The iPad is clearly one of those universal technologies that will be as useful in the home as in the office. Much like the iPhone, people will want it for work simply because it will be useful for getting work completed. Like any Apple product, it's easy to use. It's lightweight. And it's mobile. Plus, this baby is as sleek as it gets.
We expect to see a similar trajectory for the iPad in the enterprise as the iPhone has had in recent months.
Apple reported its earnings earlier this week. The company reported that iPhone usage doubled since last summer after the introduction of the 3GS. The iPad with 3GS service will be available in 90 days. Our bet is that by next fall we will be reporting similar news about the iPad as we have about the iPhone.

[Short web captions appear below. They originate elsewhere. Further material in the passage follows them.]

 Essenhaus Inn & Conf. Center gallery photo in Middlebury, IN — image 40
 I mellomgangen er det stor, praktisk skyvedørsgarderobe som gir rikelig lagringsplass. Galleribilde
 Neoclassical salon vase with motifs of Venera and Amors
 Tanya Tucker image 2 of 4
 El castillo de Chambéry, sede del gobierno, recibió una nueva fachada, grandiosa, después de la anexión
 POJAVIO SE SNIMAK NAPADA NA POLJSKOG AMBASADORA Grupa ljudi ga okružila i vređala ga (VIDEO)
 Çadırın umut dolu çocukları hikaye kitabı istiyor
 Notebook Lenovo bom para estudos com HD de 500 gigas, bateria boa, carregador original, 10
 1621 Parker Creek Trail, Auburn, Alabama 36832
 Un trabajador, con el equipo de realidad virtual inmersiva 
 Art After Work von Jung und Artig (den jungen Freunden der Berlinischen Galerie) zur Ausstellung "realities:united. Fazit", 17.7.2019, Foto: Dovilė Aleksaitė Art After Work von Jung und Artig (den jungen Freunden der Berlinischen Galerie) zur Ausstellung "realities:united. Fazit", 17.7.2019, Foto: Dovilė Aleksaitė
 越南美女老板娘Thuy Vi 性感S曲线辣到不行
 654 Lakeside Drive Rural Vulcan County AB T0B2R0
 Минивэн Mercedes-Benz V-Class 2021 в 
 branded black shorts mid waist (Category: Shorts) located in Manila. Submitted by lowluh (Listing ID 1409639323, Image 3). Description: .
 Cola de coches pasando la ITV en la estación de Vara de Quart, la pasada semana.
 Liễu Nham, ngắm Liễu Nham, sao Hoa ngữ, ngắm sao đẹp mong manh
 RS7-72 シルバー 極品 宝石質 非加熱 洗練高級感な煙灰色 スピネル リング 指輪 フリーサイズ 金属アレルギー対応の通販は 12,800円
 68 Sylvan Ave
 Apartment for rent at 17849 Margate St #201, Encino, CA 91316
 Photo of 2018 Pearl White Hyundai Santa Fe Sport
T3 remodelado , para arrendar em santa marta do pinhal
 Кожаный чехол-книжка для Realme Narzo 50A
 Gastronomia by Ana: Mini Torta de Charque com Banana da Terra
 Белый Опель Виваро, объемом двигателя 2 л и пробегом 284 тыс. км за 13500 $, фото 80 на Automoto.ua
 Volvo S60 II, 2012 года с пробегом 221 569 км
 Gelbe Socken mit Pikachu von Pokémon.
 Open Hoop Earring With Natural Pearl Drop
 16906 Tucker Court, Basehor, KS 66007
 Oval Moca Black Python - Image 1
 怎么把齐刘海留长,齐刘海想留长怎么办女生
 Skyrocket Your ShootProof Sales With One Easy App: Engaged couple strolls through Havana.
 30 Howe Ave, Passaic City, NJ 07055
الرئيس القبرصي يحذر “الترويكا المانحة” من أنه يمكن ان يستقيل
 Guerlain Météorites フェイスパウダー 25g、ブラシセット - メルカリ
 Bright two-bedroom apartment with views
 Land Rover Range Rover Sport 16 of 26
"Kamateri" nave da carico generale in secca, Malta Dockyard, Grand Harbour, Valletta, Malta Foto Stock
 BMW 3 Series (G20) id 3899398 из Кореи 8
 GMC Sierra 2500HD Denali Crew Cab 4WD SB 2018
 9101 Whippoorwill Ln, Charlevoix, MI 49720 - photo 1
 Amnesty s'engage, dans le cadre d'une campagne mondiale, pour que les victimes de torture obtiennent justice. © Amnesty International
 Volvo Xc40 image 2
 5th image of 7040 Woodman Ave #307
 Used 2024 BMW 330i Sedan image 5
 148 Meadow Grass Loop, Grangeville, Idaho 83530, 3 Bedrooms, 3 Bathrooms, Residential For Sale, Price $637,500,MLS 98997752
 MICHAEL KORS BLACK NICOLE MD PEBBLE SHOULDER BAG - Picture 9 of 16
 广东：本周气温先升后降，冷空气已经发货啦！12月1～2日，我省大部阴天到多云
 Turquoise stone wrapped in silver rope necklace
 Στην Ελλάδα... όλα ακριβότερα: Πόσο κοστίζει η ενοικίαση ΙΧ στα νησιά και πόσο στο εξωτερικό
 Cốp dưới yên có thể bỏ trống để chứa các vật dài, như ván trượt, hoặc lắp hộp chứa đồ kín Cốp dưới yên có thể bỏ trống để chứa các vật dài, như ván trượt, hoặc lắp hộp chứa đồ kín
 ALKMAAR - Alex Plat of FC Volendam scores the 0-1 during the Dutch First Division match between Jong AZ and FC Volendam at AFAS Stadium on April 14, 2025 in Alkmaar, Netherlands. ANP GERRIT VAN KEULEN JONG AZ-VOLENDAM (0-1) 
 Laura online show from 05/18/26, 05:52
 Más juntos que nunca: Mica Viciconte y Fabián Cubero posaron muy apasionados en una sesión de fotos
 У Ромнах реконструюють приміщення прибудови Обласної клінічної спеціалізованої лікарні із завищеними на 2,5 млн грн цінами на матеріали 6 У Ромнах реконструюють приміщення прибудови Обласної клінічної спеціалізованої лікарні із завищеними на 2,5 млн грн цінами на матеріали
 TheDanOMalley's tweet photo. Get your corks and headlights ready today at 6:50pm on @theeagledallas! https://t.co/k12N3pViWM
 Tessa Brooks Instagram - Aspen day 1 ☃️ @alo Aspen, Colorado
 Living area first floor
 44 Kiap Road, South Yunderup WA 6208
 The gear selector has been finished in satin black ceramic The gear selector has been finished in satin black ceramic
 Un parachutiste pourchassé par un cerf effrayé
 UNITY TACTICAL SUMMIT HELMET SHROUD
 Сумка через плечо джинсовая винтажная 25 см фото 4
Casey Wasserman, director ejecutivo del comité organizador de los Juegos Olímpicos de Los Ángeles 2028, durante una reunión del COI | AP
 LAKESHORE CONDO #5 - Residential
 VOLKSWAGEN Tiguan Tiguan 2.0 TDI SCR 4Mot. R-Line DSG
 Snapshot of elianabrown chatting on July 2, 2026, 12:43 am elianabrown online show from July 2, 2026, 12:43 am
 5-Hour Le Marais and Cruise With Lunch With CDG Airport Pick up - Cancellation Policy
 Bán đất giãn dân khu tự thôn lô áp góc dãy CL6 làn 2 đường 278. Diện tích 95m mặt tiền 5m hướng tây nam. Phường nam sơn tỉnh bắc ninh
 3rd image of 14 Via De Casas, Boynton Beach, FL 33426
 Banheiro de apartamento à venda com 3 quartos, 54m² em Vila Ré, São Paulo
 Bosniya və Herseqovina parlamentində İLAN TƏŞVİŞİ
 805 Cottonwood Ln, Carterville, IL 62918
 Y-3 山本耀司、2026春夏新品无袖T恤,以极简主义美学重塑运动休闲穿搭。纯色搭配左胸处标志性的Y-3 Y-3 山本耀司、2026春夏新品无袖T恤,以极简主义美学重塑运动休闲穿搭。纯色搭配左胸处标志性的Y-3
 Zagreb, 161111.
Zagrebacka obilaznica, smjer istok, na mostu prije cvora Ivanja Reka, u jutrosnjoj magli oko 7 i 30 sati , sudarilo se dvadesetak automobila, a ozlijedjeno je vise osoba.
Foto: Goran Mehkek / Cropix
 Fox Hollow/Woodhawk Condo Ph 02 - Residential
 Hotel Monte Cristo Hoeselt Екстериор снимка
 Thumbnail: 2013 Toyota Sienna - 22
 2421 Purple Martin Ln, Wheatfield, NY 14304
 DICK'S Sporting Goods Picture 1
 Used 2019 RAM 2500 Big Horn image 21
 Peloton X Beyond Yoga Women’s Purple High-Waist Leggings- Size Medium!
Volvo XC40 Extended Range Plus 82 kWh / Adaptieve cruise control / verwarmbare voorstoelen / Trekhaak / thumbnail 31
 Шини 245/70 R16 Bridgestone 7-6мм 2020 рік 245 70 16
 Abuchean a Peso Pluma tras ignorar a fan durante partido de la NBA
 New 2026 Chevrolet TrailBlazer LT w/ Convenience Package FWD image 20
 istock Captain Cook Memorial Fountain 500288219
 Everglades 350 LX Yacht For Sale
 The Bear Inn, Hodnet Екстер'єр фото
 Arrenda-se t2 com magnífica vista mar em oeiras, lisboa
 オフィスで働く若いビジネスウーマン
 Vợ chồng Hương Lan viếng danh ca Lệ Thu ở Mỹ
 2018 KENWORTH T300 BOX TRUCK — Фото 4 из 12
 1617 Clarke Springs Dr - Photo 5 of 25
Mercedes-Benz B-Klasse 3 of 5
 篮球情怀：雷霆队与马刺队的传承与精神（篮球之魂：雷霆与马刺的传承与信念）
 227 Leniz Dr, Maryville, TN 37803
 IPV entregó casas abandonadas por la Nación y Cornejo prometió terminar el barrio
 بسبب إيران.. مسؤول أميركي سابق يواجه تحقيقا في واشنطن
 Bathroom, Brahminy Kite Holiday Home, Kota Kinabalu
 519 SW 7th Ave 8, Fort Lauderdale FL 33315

Similar to the iPhone, the iPad serves as a communication device. It's clearly positioned as a consumer device for reading newspapers, watching movies and all sorts of various entertainments. But it is also well suited for the enterprise.
According to Forrester Research, the iPad will be particularly well suited to the high-end mobile office worker. These people will pay for the tablet themselves. They will primarily use it for messaging and collaboration and to access email, calendars and productivity applications.
Forrester analyst Ted Schadler says the iPad has a number of implications for the market .Google will have to respond now that Apple has extended its platform for applications. And the competition will only intensify for collaboration and productivity applications. According to Schrader:
"The importance of great document tools just increased. Apple's support of iWorks on the iPad gives execs what they need to present on the road and leave the laptop at home. Microsoft should build best-in-class iPad software in the Office formats. (Or watch execs move key material to the iWorks formats.) Adobe should take responsibility for a great PDF reader. And these readers must also be great presentation tools."
We know what the critics will say. Corporate governance will preclude the use of the iPad in the enterprise. It will have to meet corporate IT requirements for laptops. This may be true, but like the iPhone, people will buy and use it, regardless of the corporate policy.
Still, there are a number of requirements that would make it ideal for the enterprise, including the ability to wipe data remotely and hardware encryption.
But in the end, the iPad is a sleek device that people will want for work as much as for at home.